> [What is expected] In the material below, pictures must be dropped. Repeat exactly, and only, the lines from the line with "Cute Goat Cartoon" to the line with "Sterling Silver Heart", both ends included.

> [The input]
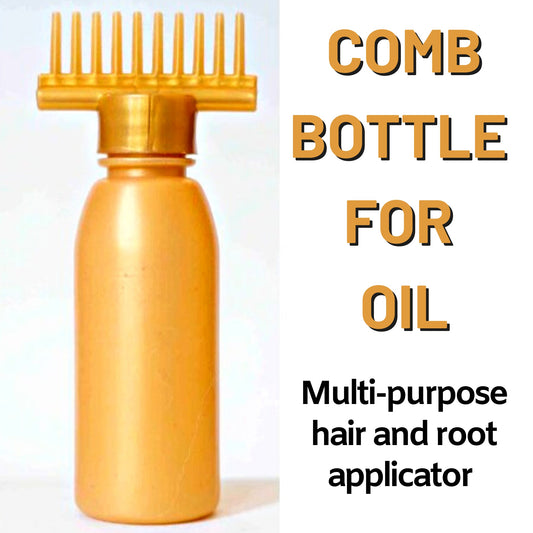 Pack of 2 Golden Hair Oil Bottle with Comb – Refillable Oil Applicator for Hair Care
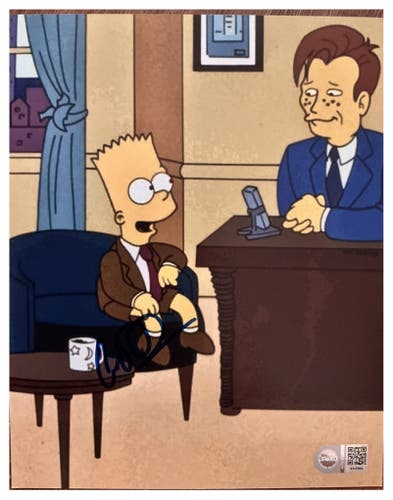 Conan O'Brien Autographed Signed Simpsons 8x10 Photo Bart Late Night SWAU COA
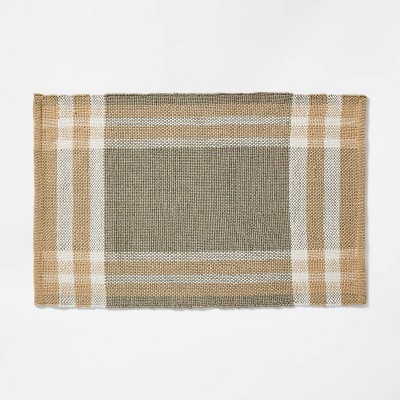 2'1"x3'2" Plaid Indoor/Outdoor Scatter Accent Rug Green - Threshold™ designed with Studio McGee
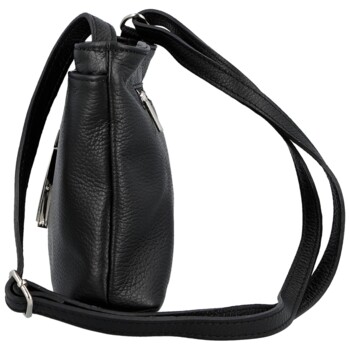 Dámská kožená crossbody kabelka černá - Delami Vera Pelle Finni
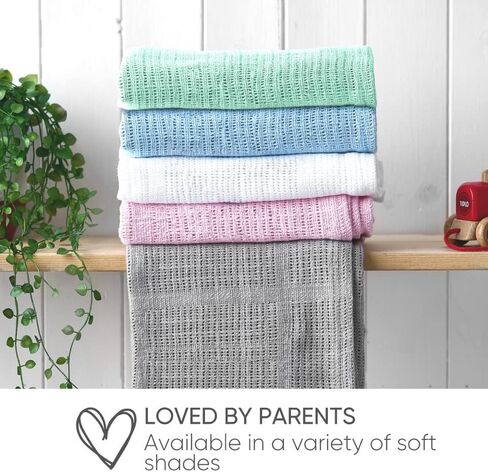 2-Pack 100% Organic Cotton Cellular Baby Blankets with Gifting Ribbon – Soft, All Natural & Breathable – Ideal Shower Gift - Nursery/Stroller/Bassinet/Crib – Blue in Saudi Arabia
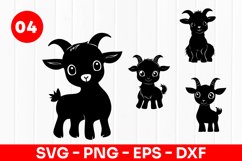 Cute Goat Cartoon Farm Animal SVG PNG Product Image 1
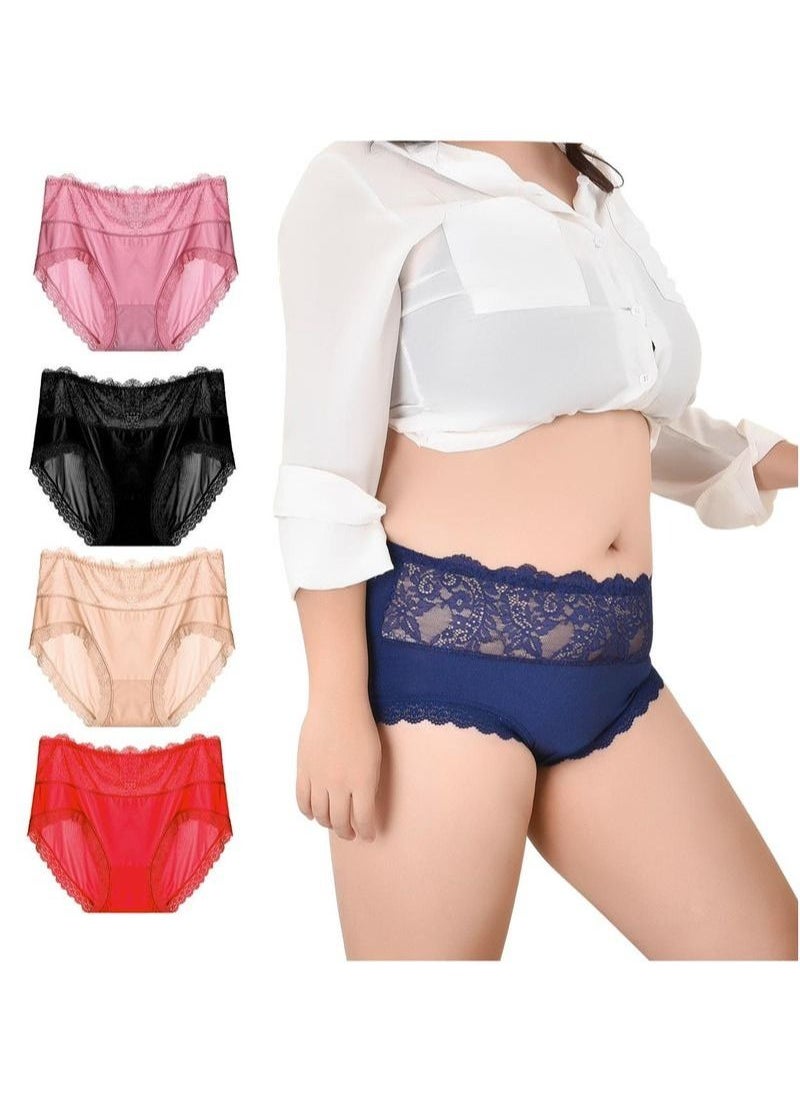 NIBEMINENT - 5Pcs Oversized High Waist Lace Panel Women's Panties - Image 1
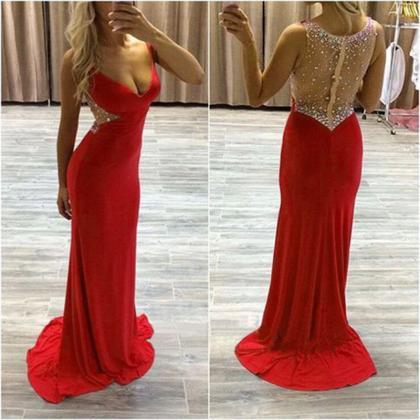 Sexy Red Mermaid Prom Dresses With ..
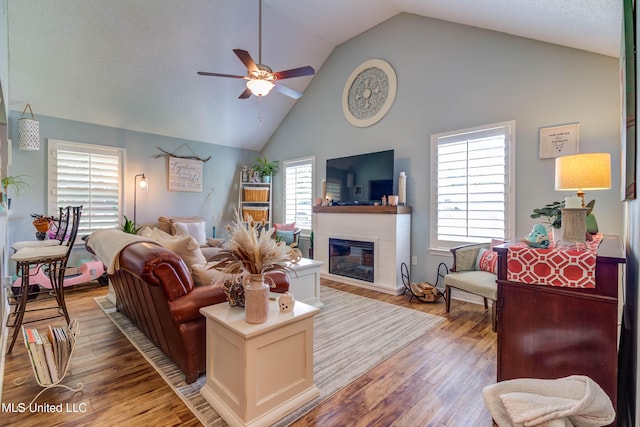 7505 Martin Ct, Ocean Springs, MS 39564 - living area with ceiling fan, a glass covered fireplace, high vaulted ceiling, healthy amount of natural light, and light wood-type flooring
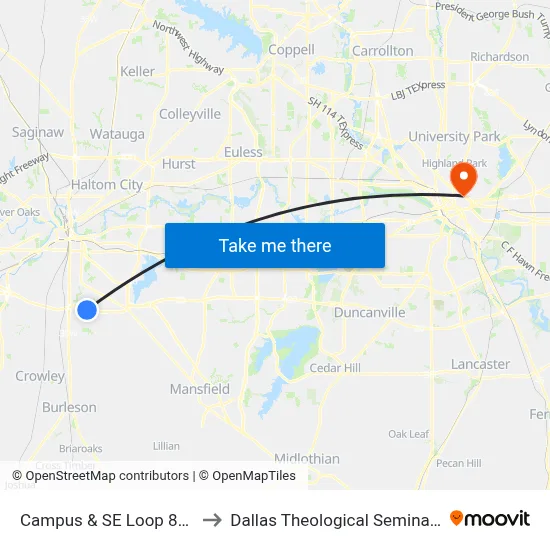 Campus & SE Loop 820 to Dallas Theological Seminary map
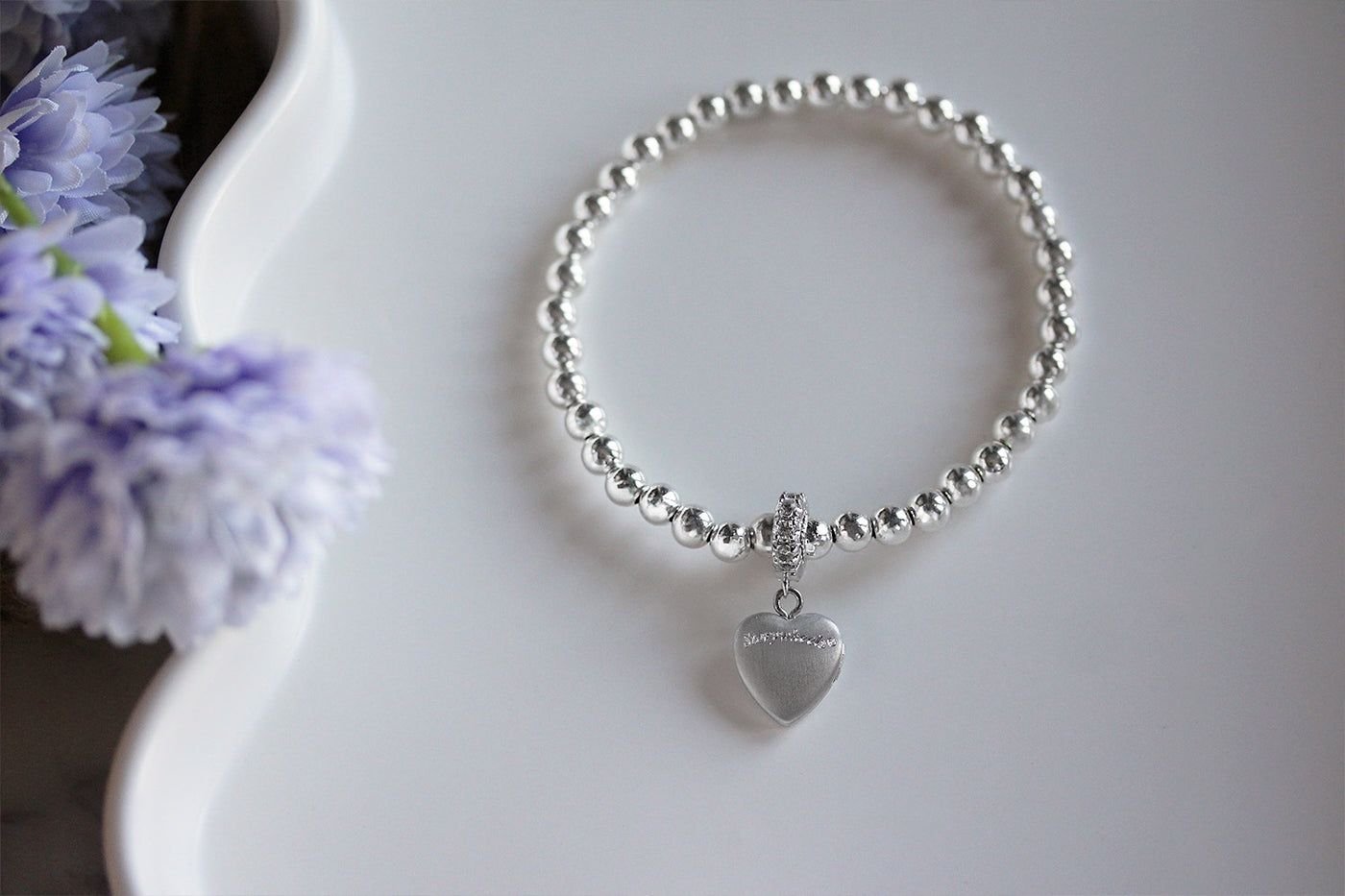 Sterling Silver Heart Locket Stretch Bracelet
---
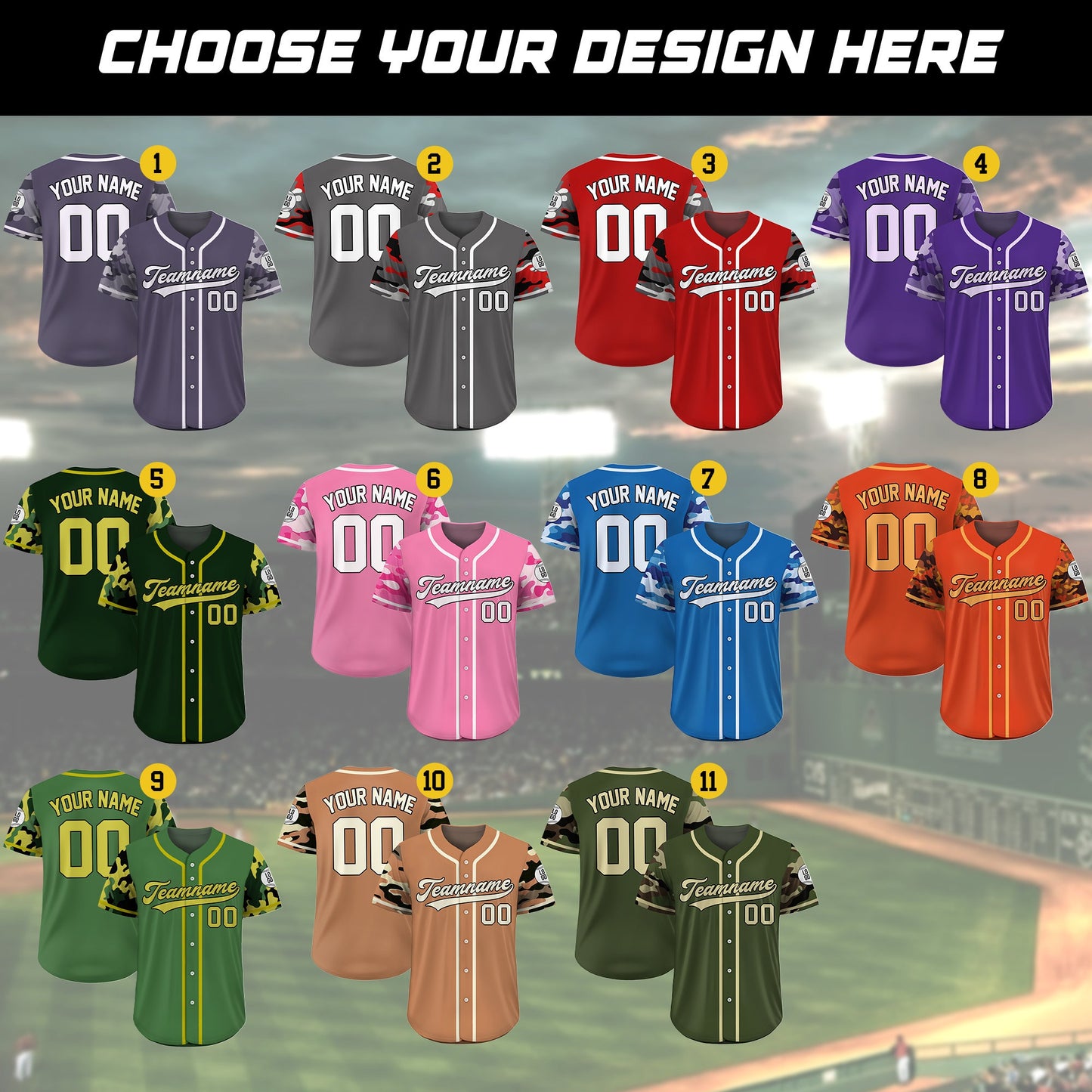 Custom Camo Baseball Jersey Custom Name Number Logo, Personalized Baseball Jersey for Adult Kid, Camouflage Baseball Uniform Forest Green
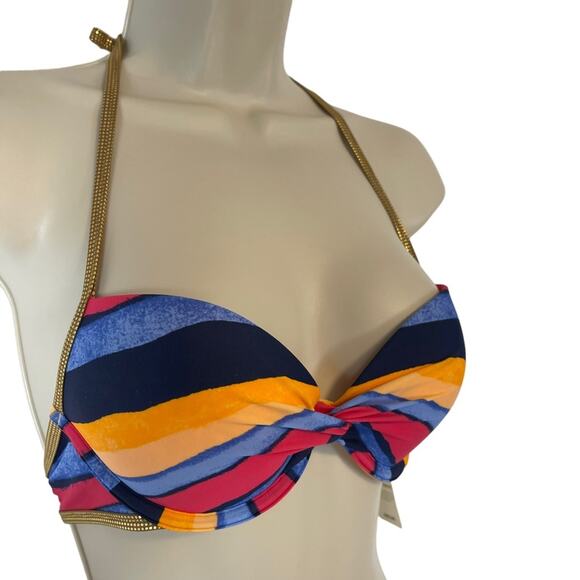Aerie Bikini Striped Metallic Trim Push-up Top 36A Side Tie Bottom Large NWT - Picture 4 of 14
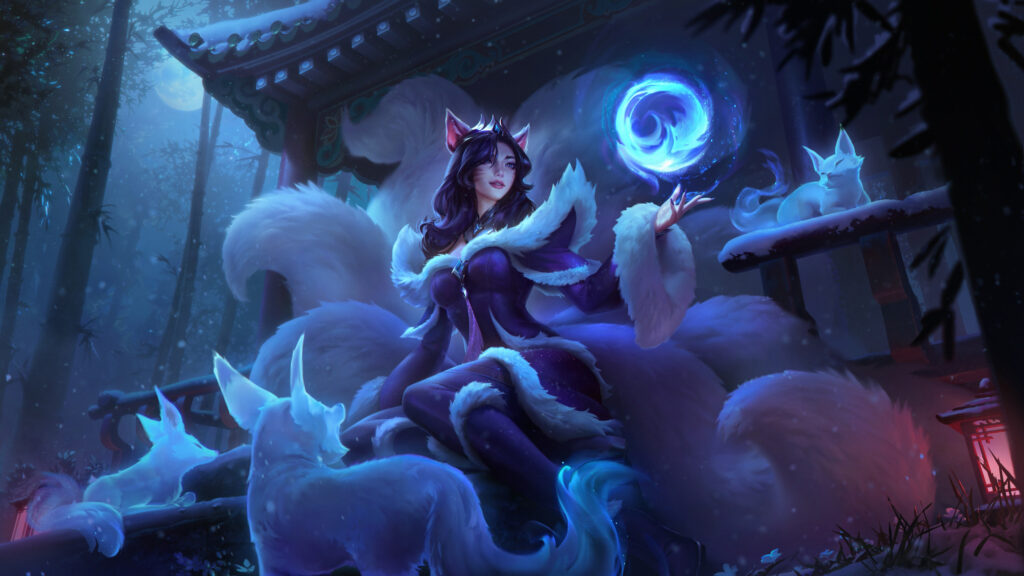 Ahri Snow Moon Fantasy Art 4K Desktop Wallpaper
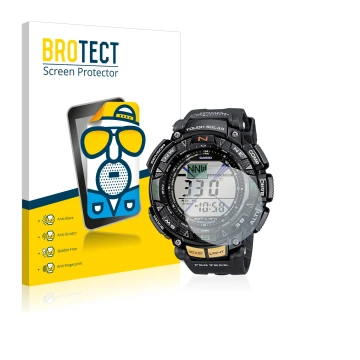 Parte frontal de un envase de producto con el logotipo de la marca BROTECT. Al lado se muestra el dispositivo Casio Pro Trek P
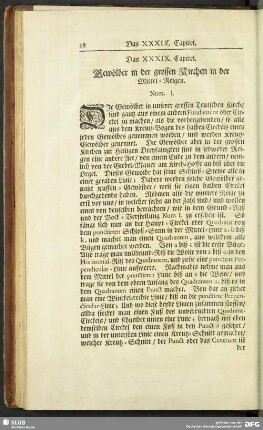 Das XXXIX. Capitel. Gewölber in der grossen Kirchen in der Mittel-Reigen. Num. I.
==
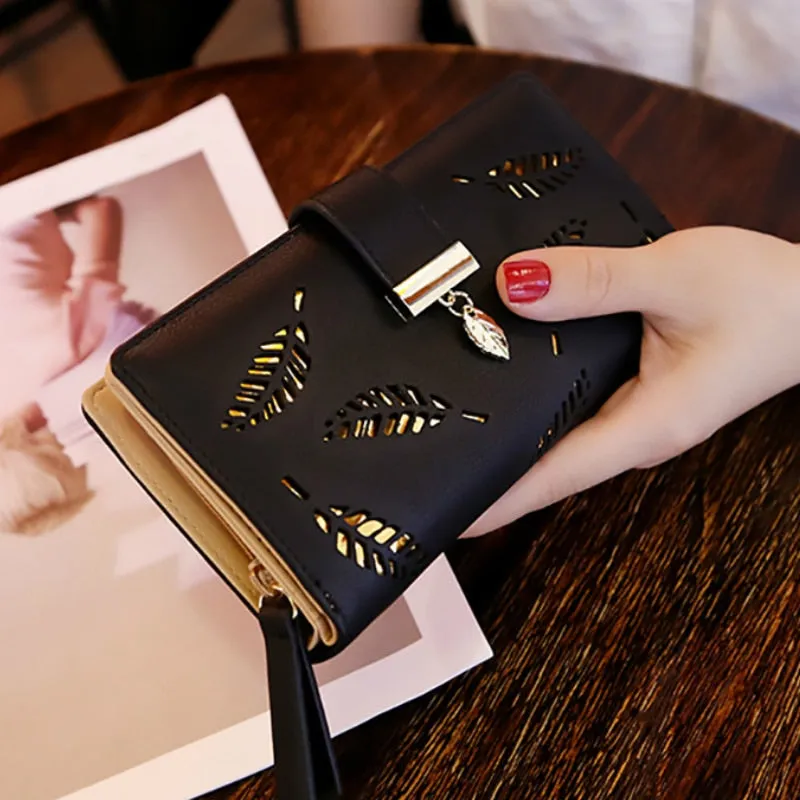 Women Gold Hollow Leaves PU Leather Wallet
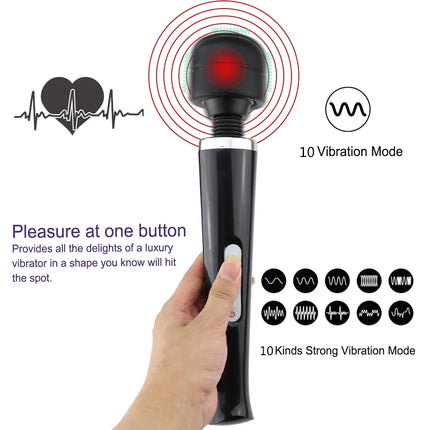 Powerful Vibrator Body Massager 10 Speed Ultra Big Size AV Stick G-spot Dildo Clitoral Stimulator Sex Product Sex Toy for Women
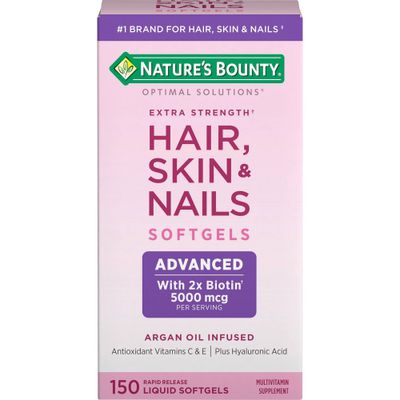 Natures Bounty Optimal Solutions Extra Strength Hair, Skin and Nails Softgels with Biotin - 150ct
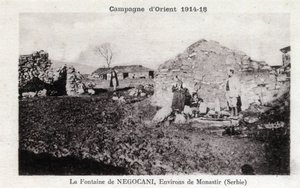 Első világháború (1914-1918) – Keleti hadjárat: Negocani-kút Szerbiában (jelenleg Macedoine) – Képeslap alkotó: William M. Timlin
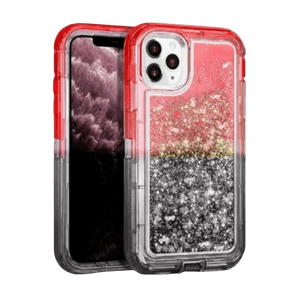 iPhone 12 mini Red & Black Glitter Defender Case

> [Your solution]
 Cute Goat Cartoon Farm Animal SVG PNG Product Image 1
 NIBEMINENT - 5Pcs Oversized High Waist Lace Panel Women's Panties - Image 1
 Sexy Red Mermaid Prom Dresses With ..
 7505 Martin Ct, Ocean Springs, MS 39564 - living area with ceiling fan, a glass covered fireplace, high vaulted ceiling, healthy amount of natural light, and light wood-type flooring
 Campus & SE Loop 820 to Dallas Theological Seminary map
 Sterling Silver Heart Locket Stretch Bracelet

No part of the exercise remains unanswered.